The Supreme Court of Washington. En Banc
Apr 23, 1970
468 P.2d 440 (Wash. 1970)


No. 40859.

April 23, 1970.

[1] Workmen's Compensation — Statutory Provisions — Construction. The rule requiring that a liberal construction be given the Industrial Insurance Act is subject to reasonable limitations.

[2] Workmen's Compensation — Employments Covered — Electric Key Punch Machine Operator. A "workshop," which is defined in RCW 51.08.190 for purposes of coverage under workmen's compensation as any "room or place wherein power machinery is employed and manual labor is exercised," does not include an office employing operators of electric key punch machines. The employee is not operating "power driven machinery," nor performing "manual labor," but rather is performing office work of a clerical nature.

See Ann. 83 A.L.R. 1018; 58 Am. Jur., Workmen's Compensation (1st ed. §§ 91, 117).

Appeal from a judgment of the Superior Court for Spokane County, No. 189226, Raymond F. Kelly, J., entered October 11, 1968. Reversed.

Action to review an order of the Board of Industrial Insurance Appeals. Defendants appeal from a judgment in favor of the plaintiff.

The Attorney General, Michael E. Donohue and Thomas R. Chapman, Assistants, Reiley Annis, and Paul A. Bastine, for appellants.

Geo. W. Young, for respondent.

July 6, 1966 Rita Scott was injured while at work when a chair rolled out from beneath her when she attempted to be seated. July 19, 1966 she filed her report of accident with the Department of Labor and Industries seeking compensation for the injury.

August 26, 1966 the Supervisor of Industrial Insurance rejected her claim, stating that she was not an insured under the Industrial Insurance Act. The Board of Industrial Insurance Appeals sustained the order of the Department of Labor and Industries. The superior court, sitting without a jury, thereafter entered findings of fact, conclusions of law and judgment reversing the order of the board and remanded the cause to the Department of Labor and Industries for further proceedings. The department and Data Processing Services, Inc., Rita Scott's employer at the time of the accident, appeal.

The facts are undisputed. Rita Scott and four other persons were employed as key punch operators in a room where seven key punch machines were located. The employer furnished each operator with certain written information pertaining to the business operations of a client, and the key punch operator then transferred that information onto IBM cards by depressing the key punch machine keys which perforate the IBM card. Each machine holds approximately 500 cards, and an operator punches about 2,000 cards per day.

On the day in question, Mrs. Scott returned from a supply room with some IBM cards. When she attempted to seat herself on the chair in front of a key punch machine, the chair rolled out from beneath her, she landed on the floor and was injured.

Mrs. Scott's employer, Data Processing Services, Inc., had not paid premiums to the state to have Mrs. Scott and the other key punch operators covered under the Industrial Insurance Act. Mrs. Scott contends, however, that her employer should have paid such premiums because its operation fell within the compulsory provisions of the act and that she was therefore insured under the terms of the act at the time of the injury. The record indicates that Data Processing Services, Inc. had neither been classified by the Department of Labor and Industries as being engaged in extrahazardous work "by way of trade or business" nor had it been required to pay industrial insurance premiums because it was operating a workshop where machinery is used.

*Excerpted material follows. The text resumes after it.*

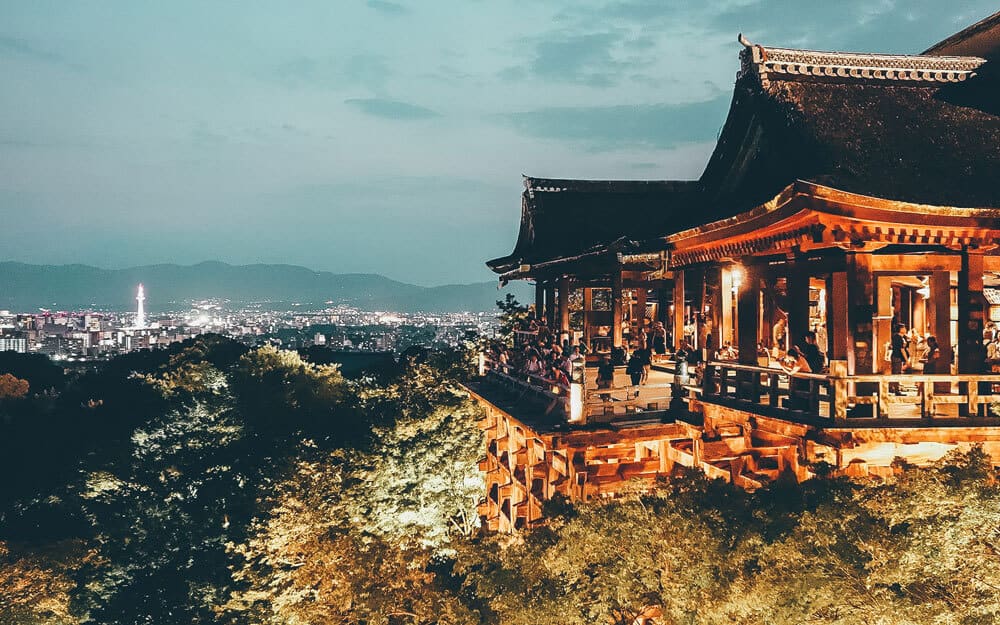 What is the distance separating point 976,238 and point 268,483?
53.6 ft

Appellants' assignments of error are several in number but each assignment is concerned with the same issue, i.e., was Mrs. Scott injured while working in a "workshop" as that term is defined and used in the state Industrial Insurance Act? If she was, then she was engaged in extrahazardous employment and was entitled to certain benefits under the act. However, we find that she was not so employed and therefore reverse the order of the superior court.

[1] In reaching our conclusion, we have considered the statutory definition of "workshop" as used in the act and we have considered the spirit and letter of that definition in the light of its history and precedents. We have also applied the rule of liberal construction to the provisions of the act for the reason that the act is remedial in character, even though adopted in derogation of the common law. Berry v. Department of Labor Indus., 11 Wn.2d 154, 118 P.2d 785, 140 A.L.R. 392 (1941). Even the rule of liberal construction is subject, however, to reasonable limitations.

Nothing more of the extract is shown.